OK... If u already used it, then what makes u feel bad with Mac OS.... 



KPower Mania said:


> Think before you post....Young age dosent mean that I havent experienced anything .



OK.. Cool kiddo... I just pre-assume myself ...


----------



## tuluvaguy (Sep 22, 2008)

Have heard lot about MACOS X. It is not like runing the pc. Giving a try in not bad. Just to explore many things.

So shouldn't I buy the MAC OSX and install on the assembled PC. Because, I dont want to spend too much on MAC hardware..


----------



## furious_gamer (Sep 22, 2008)

tuluvaguy said:


> Have heard lot about MACOS X. It is not like runing the pc. Giving a try in not bad. Just to explore many things.
> 
> So shouldn't I buy the MAC OSX and install on the assembled PC. Because, I dont want to spend too much on MAC hardware..



Just do whatever u wish, and since u said giving a try is not bad, i agree that. So let buy it(I wonder if it avail w/o MAC Hardware) and give it a try and let us know how it is..


----------



## Cool Joe (Sep 22, 2008)

rajkumar_pb said:


> OK... If u already used it, then what makes u feel bad with Mac OS....



It's obvious isn't it???
He's a gamer and gamers don't go well with Mac OS. It's better to use Vista than Mac OSX. You get all the eye candy and security, and you also get to game on it.


----------



## furious_gamer (Sep 22, 2008)

beta testing said:
			
		

> It's obvious isn't it???
> He's a gamer and gamers don't go well with Mac OS. It's better to use Vista than Mac OSX. You get all the eye candy and security, and you also get to game on it.

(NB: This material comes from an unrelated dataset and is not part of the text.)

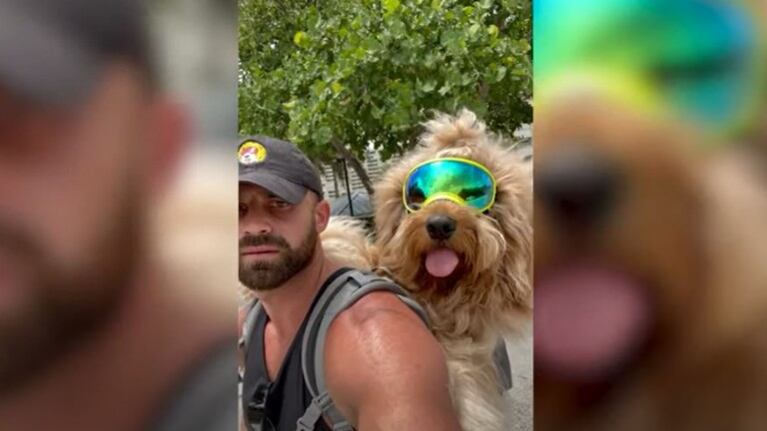  Este entusiasta de las motos se lleva a su perro de viaje por carretera
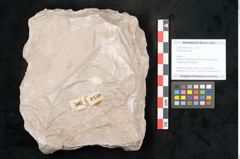 Foto (Objekt + Etikett) von Trigonocarpus sp.  (NHMW-GEO-2024-0188-11150)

I just forgot that... How i am...

BTW I agree that for gaming Vista is better than Mac OS and now i get the reason y KPowerMania blaming Mac OS....


----------



## tuluvaguy (Sep 22, 2008)

As far am concerned, am not an extreme gamer. I just think dual boot would do fine if I wish to play games


----------



## furious_gamer (Sep 22, 2008)

tuluvaguy said:


> As far am concerned, am not an extreme gamer. I just think dual boot would do fine if I wish to play games


 .. Go with it man.. NO harm in it..


----------



## comp@ddict (Sep 22, 2008)

KPower Mania said:


> ^^Ha!
> 
> How do you know if have used it or not ??
> 
> Think before you post....Young age dosent mean that I havent experienced anything .




AGE NO BARRIERS


----------



## tuluvaguy (Sep 22, 2008)

I found accross this Web site osx86project. org while browsing. I think it covers most of the thing about installing MAC OSX in an assembled PC. However, please delete the URL if I was not supposed to post it here.


----------



## Cool Joe (Sep 22, 2008)

No probs dude!! Go with your setup, it's fine.


----------



## comp@ddict (Sep 22, 2008)

Yeah, jus stick 2 Vista but


----------



## Psychosocial (Sep 22, 2008)

^^Let him see his PC ruined by Mac.....atleast once .


----------



## Cool Joe (Sep 22, 2008)

Let him just try if he wants to. If he doesn't like it, he can always remove it. Anyways, he will be dual booting with XP/ Vista.


----------